**THE PROBLEM**: Copy, without a single change, each line from the one that holds "Пылесос ручной Tefal X-pert" to the bottom of the entries below, and drop any pictures.

**INFORMATION**:
-=-=-=-=-
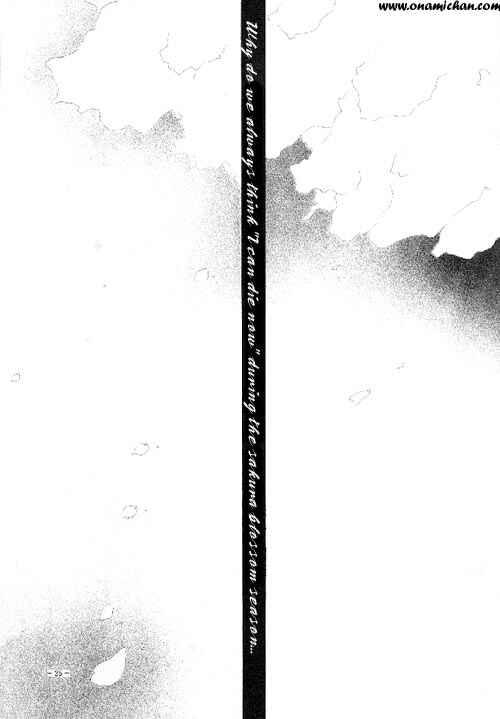 Page 4 Chapter Unknown_502c Captain Tsubasa - Yayoi Shinjuu (Doujinshi)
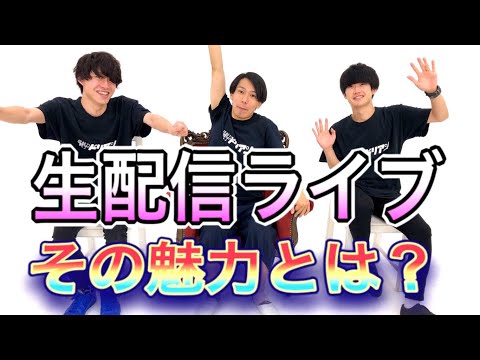 【超直前緊急SP】ドリアン生配信ワンマンライブの魅力を力説するよ~!
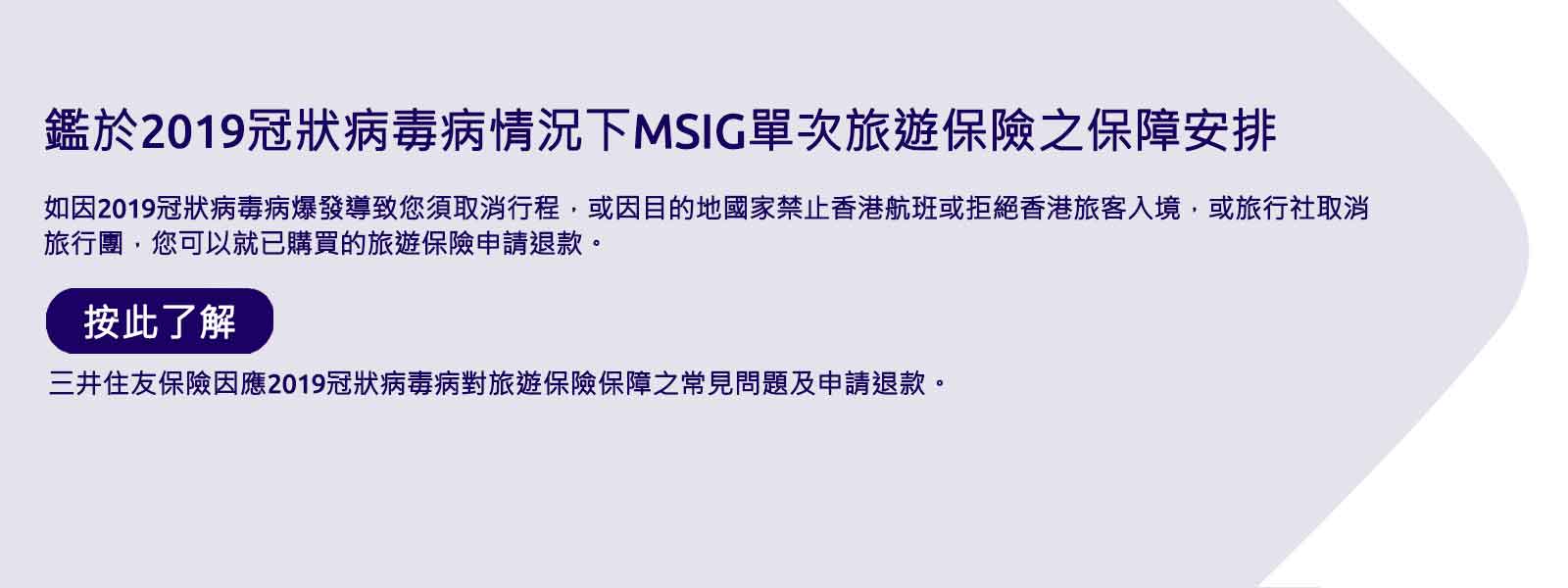 Travel insurance premium refund banner MSIG Hongkong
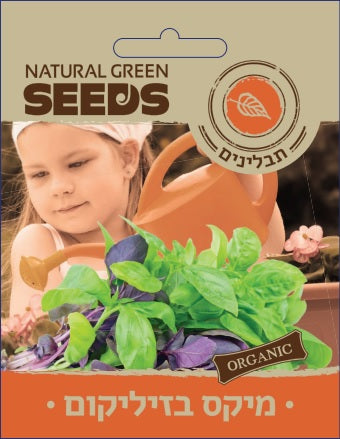 שקית זרעי מיקס בזיל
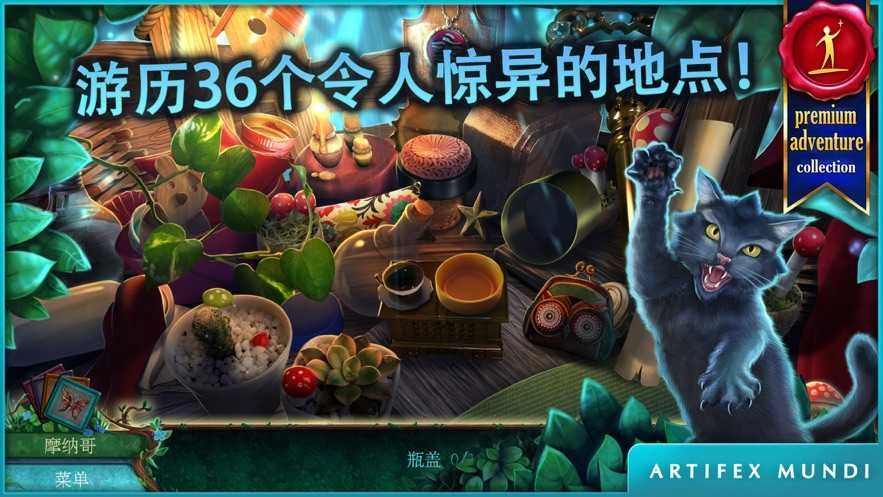 梦幻乐园之旅(DreamlandJourney)游戏官方版图2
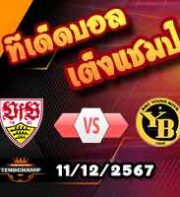 วิเคราะห์บอล แชมเปี้ยนส์ ลีก : สตุ๊ตการ์ต -vs- ยัง บอยส์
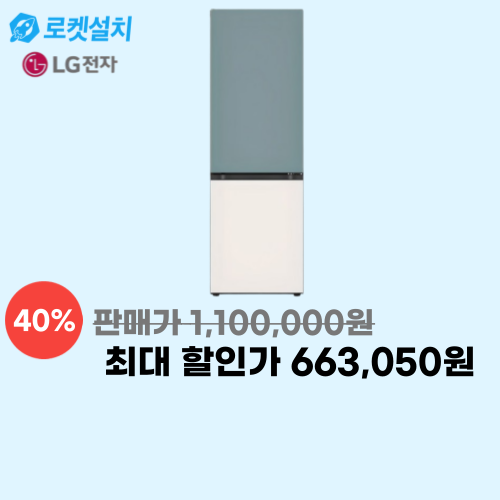 오브제컬렉션 모던엣지 냉장고 이미지 5691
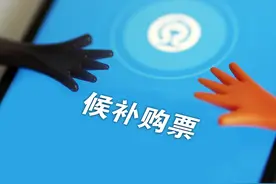 一天200万人下单！春运抢票时间到，“官宣无效”的加速包是谁的摇钱树？图片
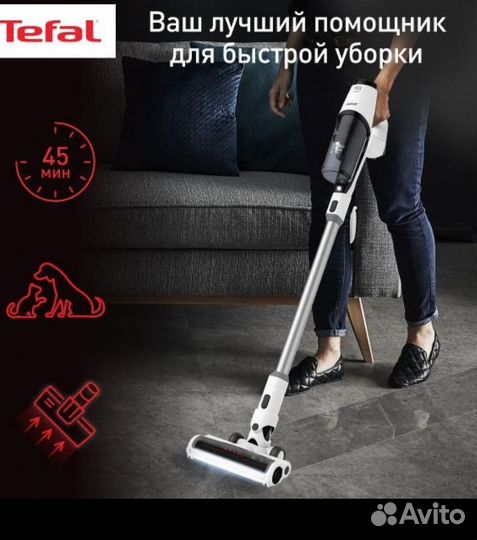 Пылесос ручной Tefal X-pert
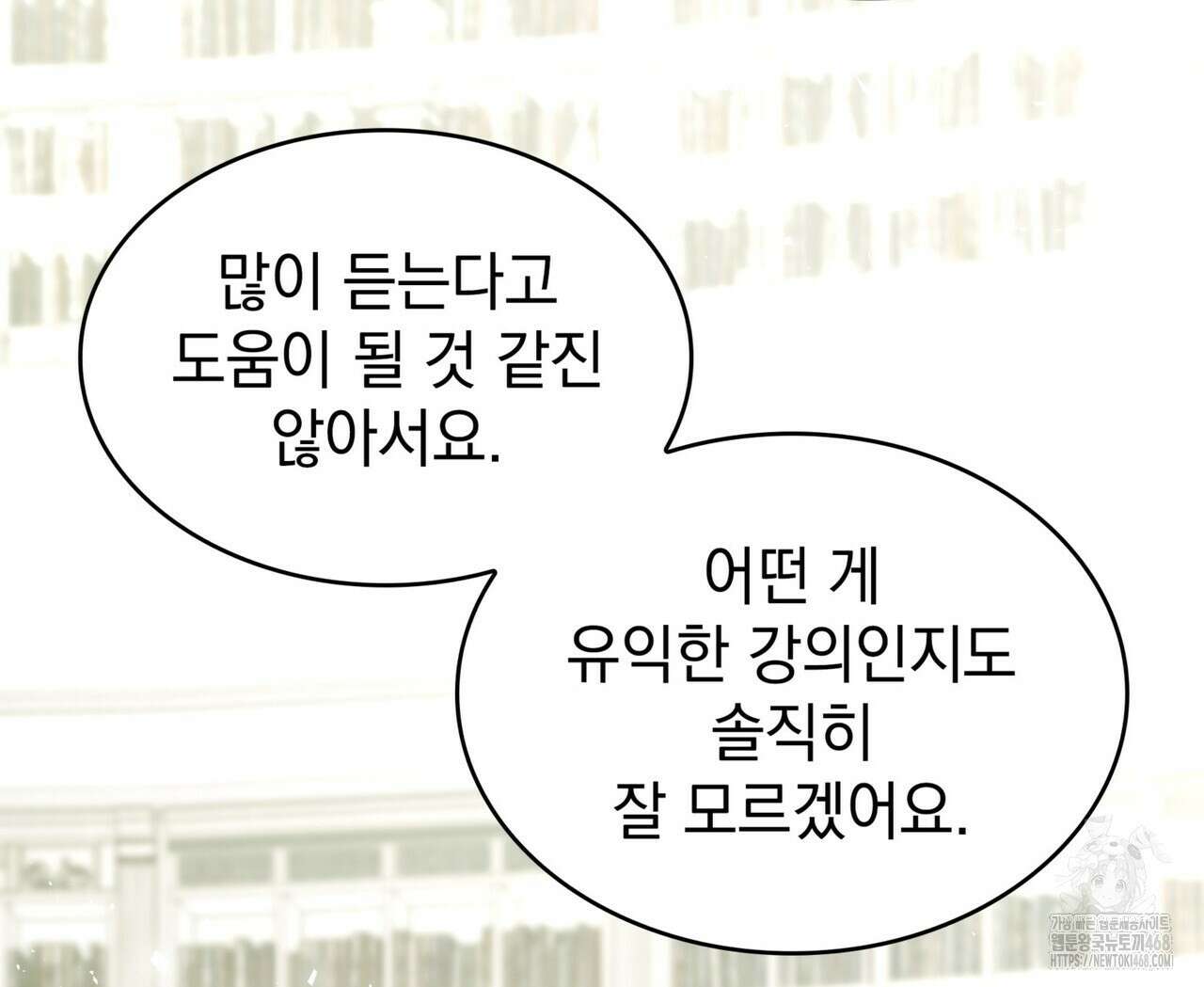 집착당하면 파멸합니다 25화 30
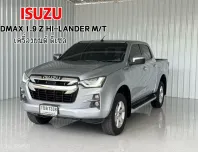 รถกระบะมือเดียว Isuzu D-Max 1.9L DA Hi-Lander รถกระบะ 4 ประตู ยกสูง ฟรีดาวน์ 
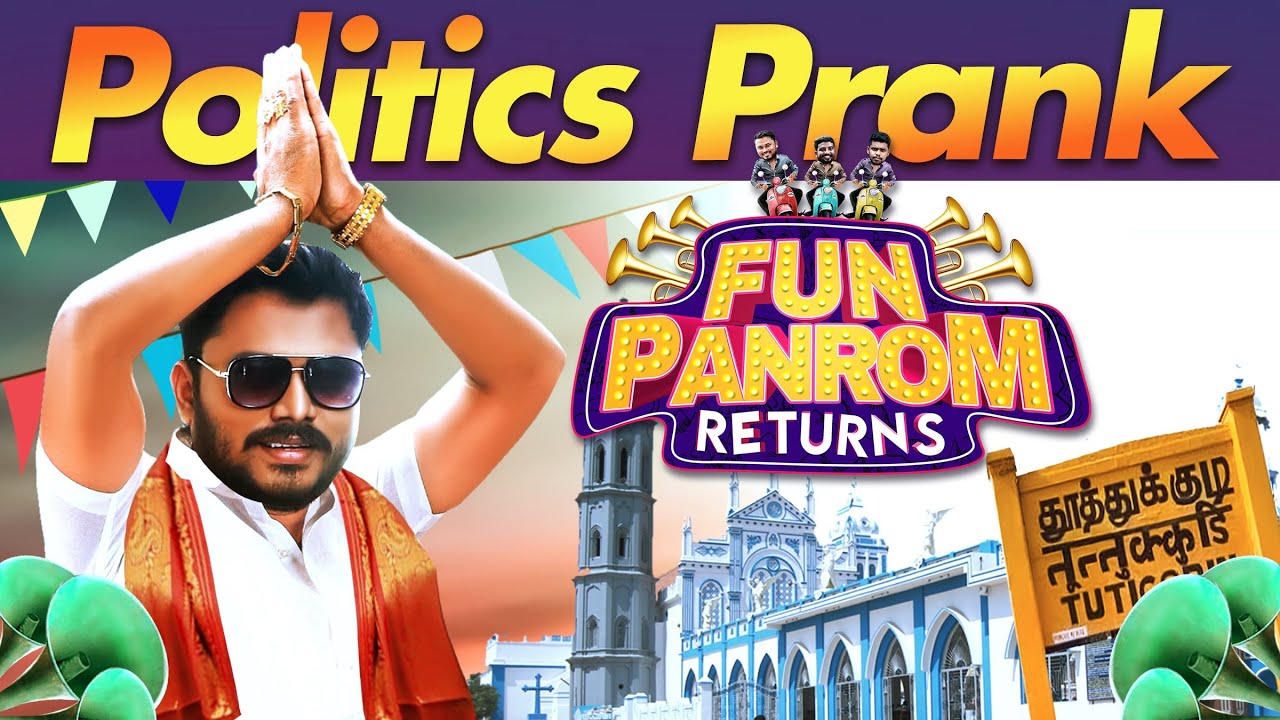Politics Prank | Fun Panrom with VJ Siddu | Thoothukudi | Blacksheep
-=-=-=-=-
**ANSWER FOR THE TASK**:
 Пылесос ручной Tefal X-pert
 집착당하면 파멸합니다 25화 30
 รถกระบะมือเดียว Isuzu D-Max 1.9L DA Hi-Lander รถกระบะ 4 ประตู ยกสูง ฟรีดาวน์ 
Politics Prank | Fun Panrom with VJ Siddu | Thoothukudi | Blacksheep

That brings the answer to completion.